I gave my brain an extended break after completing the Op. 172. Indeed, I did no composing as such at all until yesterday.

I did a little adapting/arranging for my church choir (we are back on weekly duty. Sometimes I comb through the filing cabinets, and I'll find an SATB which I think would be a good musical fit, save for the fact that we cannot do four-part music, which very likely (at this point) is part of a bygone musical past at the church. So I pulled two octavos to the end of arranging them so that our SAB choir can manage them. We started rehearsing one of these last week, and I have not yet finished the second (an arrangement of Christ the Apple Tree) I knew this week that I was not yet going to have the Apple Tree ready for tonight's rehearsal. Yesterday I got to work on a new Alleluia for the choir, suitable both for before Advent, and then for use at Christmastide.

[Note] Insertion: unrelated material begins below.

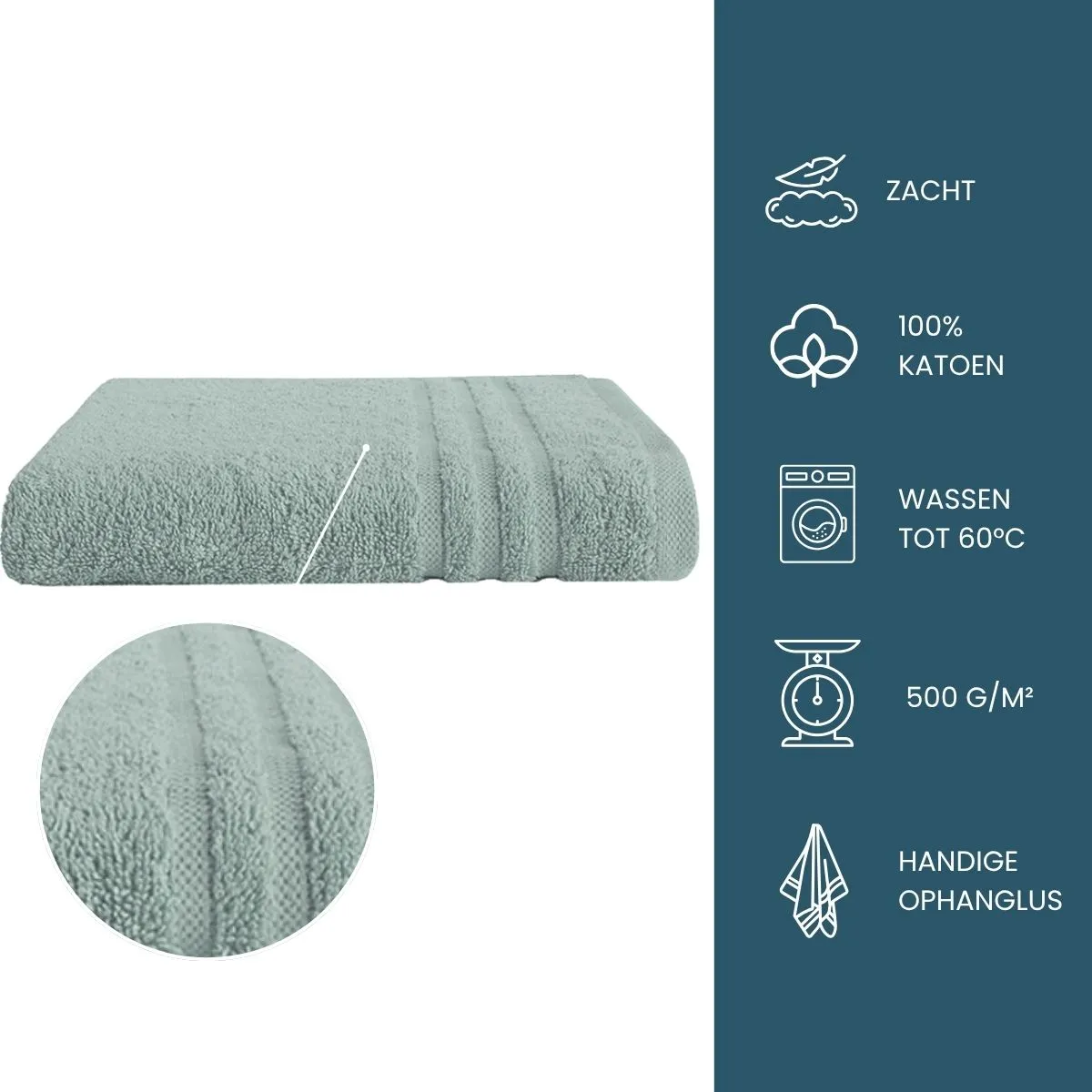 Byrklund Handdoek 50x100 cm 500gram Zeeblauw - 6 stuks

I kept in mind that I have in the past composed a piece, with the idea that it should be easy enough to put together in short order, and yet, as I pursue the composerly aims of the piece, it becomes music which it is neither practical nor fair to expect my dear choristers to own in so short a time. So, while I did in fact finish the Alleluia in E-flat, Op. 174 last night, and we will begin rehearsing it tonight, I have also remembered a short piece which we know well and which therefore we can warm back up easily for this Sunday.

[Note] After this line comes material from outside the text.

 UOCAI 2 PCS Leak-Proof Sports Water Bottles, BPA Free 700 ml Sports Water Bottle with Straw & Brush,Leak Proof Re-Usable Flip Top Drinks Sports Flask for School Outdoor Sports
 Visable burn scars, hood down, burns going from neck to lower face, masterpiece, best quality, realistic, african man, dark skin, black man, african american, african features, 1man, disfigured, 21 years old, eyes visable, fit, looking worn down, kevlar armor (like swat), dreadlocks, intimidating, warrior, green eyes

Chances are that the Symphony № 3 will thus be Op. 175.

Also on the theme of a dearth of tenors, we of Triad have determined that we must reconsider our upcoming program, and a further decision was to bump the concert from November to January (when hopefully we can have an actual audience in the space.) The good news is that we agree that When will work with our present personnel, so now the question is what are the dates in January? ... so that we make sure flutist Peter Bloom is available.

More good news is that the lunchtime concerts have resumed at King's Chapel, and I have reached out to The Band to pin down (or up) a date. I already have pieces for that program, Pam's Labyrinth and Moose on the Loose.

10 September 2021

September Already?

We were of the earnest opinion that the Crocodile Rock would endure.
Postcards From Red Squirrel Trail

Being in tune with every molecule in the universe requires a great deal of concentration.

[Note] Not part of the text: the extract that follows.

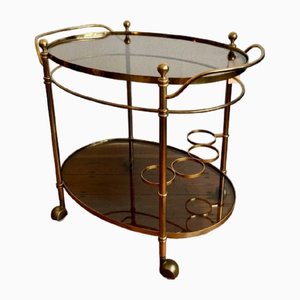 Neoclassical Brass Bar Cart with Glass Tops, 1960s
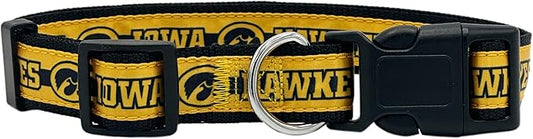 Pets First Collegiate PET Collar New Version Iowa Hawkeyes Dog Collar, Size Large. Best Sports Team Color for Dogs & Cats. A Shiny & Colorful Dog & Cat Collar Licensed by The NCAA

— Robin Williams as King of the Moon

We had our first choir rehearsal of the new church year last night. Turnout was on the light side, but we had music to read with the numbers we had. It was a good rehearsal.

What with not only the expenditure of energy in rehearsal, but the not-a-straight-line trip home, I was rather wiped out by the time I got home at 10 pm or so. I took my sweet time getting up this morning. At one point I considered upbraiding myself for want of motivation, but instead realized that today must be a day of recovery, and I must factor that in, going forward.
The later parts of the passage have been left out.